Kubernetes Networking Is Just iptables (Until It Isn't)

There’s a moment in every Kubernetes engineer’s life where they run iptables -t nat -L on a node and realize that the elegant Service abstraction they’ve been deploying is just a pile of DNAT rules. Hundreds of them. Maybe thousands. Each one mapping a ClusterIP and port to a set of pod IPs, weighted by probability, chained together with the enthusiasm of someone who discovered GOTO statements and never looked back.

This moment is either terrifying or illuminating. It should be both.

kube-proxy is not a proxy. At least, not in the way you’d think. In its default iptables mode, kube-proxy doesn’t sit in the data path at all. It watches the Kubernetes API for Service and Endpoints changes, then writes iptables rules that the kernel evaluates for every packet. Your traffic never touches a userspace process. It hits a DNAT rule in the PREROUTING or OUTPUT chain, the kernel rewrites the destination address to a pod IP, and the packet continues on its way. kube-proxy is a control plane component masquerading as a data plane name.

This is brilliant and also insane. Brilliant because kernel-space packet manipulation is fast — there’s no context switch, no socket overhead, no userspace bottleneck. Insane because you’re now debugging networking by reading iptables chains named things like KUBE-SEP-XRKVVRQ6KZJHZ4PF and trying to figure out which pod that corresponds to.

Josh has an iptables testing environment — a Docker container specifically for experimenting with packet filtering rules. The first time I saw it, I thought it was CKA prep. It is. But it’s also the right way to learn Kubernetes networking, which is: understand the layer below before you trust the layer above.

Here’s what happens when you curl my-service.default.svc.cluster.local:8080 from inside a pod:

DNS resolves the name to a ClusterIP (let’s say 10.43.0.200)
Your packet leaves the pod’s network namespace through the veth pair to the node
The kernel hits the iptables rules — specifically the KUBE-SERVICES chain
A rule matches 10.43.0.200:8080 and jumps to KUBE-SVC-XXXXX
That chain has one rule per endpoint, each with a -m statistic --mode random --probability match
The matching rule jumps to KUBE-SEP-XXXXX, which does the DNAT — rewriting the destination to a specific pod IP and port
The packet routes to that pod

This is load balancing via statistical probability in iptables rules. It works. It’s been working for years. But it has properties that surprise people.

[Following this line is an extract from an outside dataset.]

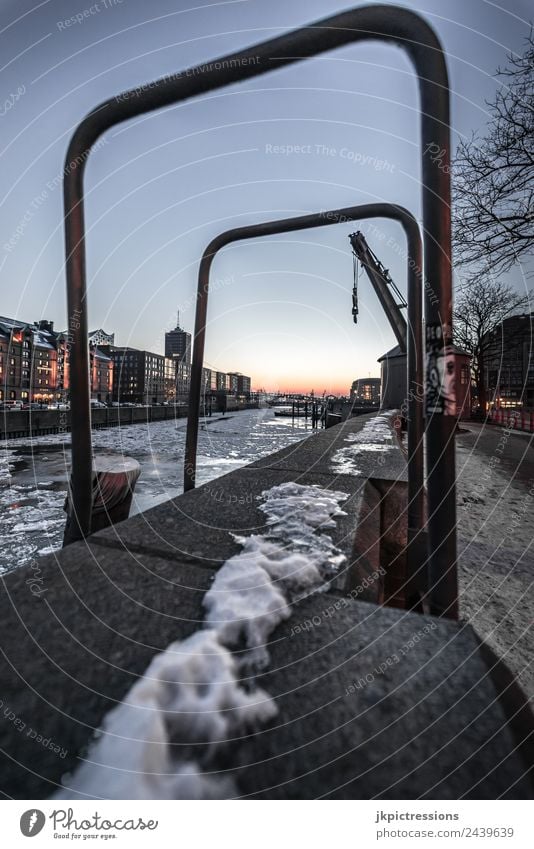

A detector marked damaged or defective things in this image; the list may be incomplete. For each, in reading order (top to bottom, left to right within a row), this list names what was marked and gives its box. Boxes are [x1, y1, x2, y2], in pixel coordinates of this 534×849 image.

rusty metal pipe [62, 4, 456, 616]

The probability math is sequential, not uniform. If you have three endpoints, the rules aren’t “33% each.” The first rule matches with probability 0.333. If it doesn’t match, the second rule matches with probability 0.5 (because it’s 1 out of 2 remaining). The third rule matches with probability 1.0 (it’s the last one). The math works out to equal distribution, but it’s not implemented as “pick one of three” — it’s implemented as a chain of coin flips. This matters when you’re reading the rules and wondering why the probabilities look wrong. They’re not wrong. They’re conditional.

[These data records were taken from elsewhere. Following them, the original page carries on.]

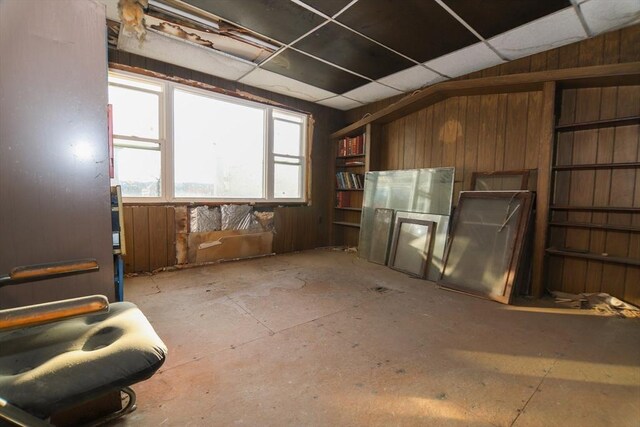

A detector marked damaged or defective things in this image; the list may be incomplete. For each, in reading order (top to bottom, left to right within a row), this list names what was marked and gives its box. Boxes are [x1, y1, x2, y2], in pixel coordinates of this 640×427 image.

damaged ceiling [101, 0, 640, 110]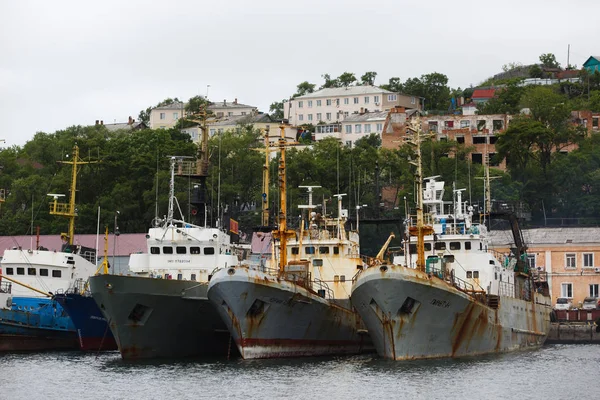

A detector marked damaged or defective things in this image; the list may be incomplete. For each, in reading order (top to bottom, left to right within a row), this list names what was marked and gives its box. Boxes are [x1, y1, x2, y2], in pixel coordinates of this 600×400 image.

rusty fishing vessel [209, 125, 372, 360]
rusty fishing vessel [352, 120, 552, 360]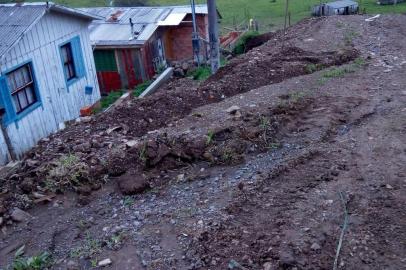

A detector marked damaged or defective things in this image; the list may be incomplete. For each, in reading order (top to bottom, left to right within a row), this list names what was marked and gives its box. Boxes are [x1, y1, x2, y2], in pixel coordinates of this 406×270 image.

rusty metal roof [0, 1, 101, 60]
rusty metal roof [82, 4, 209, 47]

iptables doesn’t scale well with service count. Every packet traverses the rules linearly. With 100 services, each with 5 endpoints, you’ve got 500+ rules in the NAT table. With 1,000 services, you’ve got 5,000+ rules, and the linear traversal starts showing up in latency. This is why IPVS mode exists — it uses a hash table instead of linear rule matching, and scales to tens of thousands of services without degradation. And it’s why newer solutions like Cilium bypass iptables entirely, using eBPF programs attached to network hooks to make routing decisions. The abstraction that worked at small scale becomes the bottleneck at large scale. The solution is always the same: go closer to the kernel.

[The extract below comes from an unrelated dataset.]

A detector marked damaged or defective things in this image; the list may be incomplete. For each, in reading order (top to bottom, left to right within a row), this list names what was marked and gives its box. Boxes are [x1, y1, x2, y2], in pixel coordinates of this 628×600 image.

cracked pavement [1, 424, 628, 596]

NetworkPolicies are also iptables rules (or eBPF programs, depending on your CNI). When you create a NetworkPolicy that says “only allow ingress to my-app from pods with label role=frontend,” your CNI plugin translates that into packet filtering rules. With Calico, those are iptables rules in the FILTER table. With Cilium, they’re eBPF programs. Either way, there’s a concrete enforcement mechanism, and when your NetworkPolicy isn’t working, the answer is usually in those rules, not in the YAML.

I watch people debug NetworkPolicy issues by staring at the YAML for twenty minutes, verifying the selectors, checking the namespace, re-reading the Kubernetes docs on ingress vs egress semantics. All useful. But the fastest path is often: SSH into the node, look at the actual iptables rules (or cilium monitor), and see whether the packet is being dropped and where. The YAML is the declaration. The rules are the reality. When they disagree, reality wins.

The reason I care about this — the reason anyone building on Kubernetes should care — is that abstractions leak. They always do. And when they leak, the speed of your debugging depends entirely on whether you understand the layer below.

When a Service randomly drops connections, it helps to know that iptables DNAT doesn’t do health checking — it’ll happily route traffic to a pod that’s terminating. When pod-to-pod traffic fails after a node reboot, it helps to know that iptables rules are ephemeral and kube-proxy needs to re-sync them. When latency spikes correlate with deployment rollouts, it helps to know that connection tracking (conntrack) entries can go stale when pod IPs change, causing RST packets on established connections.

None of this is in kubectl describe service. All of it is in the networking stack that Kubernetes is built on top of.

My unsolicited advice: before you deploy your next Service, run iptables-save on a node and read the output. Not all of it — just find the chain for one of your services and trace the path a packet would take. It’ll take ten minutes. You’ll understand Kubernetes networking better than most people who’ve been running it for years. And the next time something breaks at 2 AM, you’ll know where to look.

The abstraction is a gift. Understanding what’s underneath is a superpower.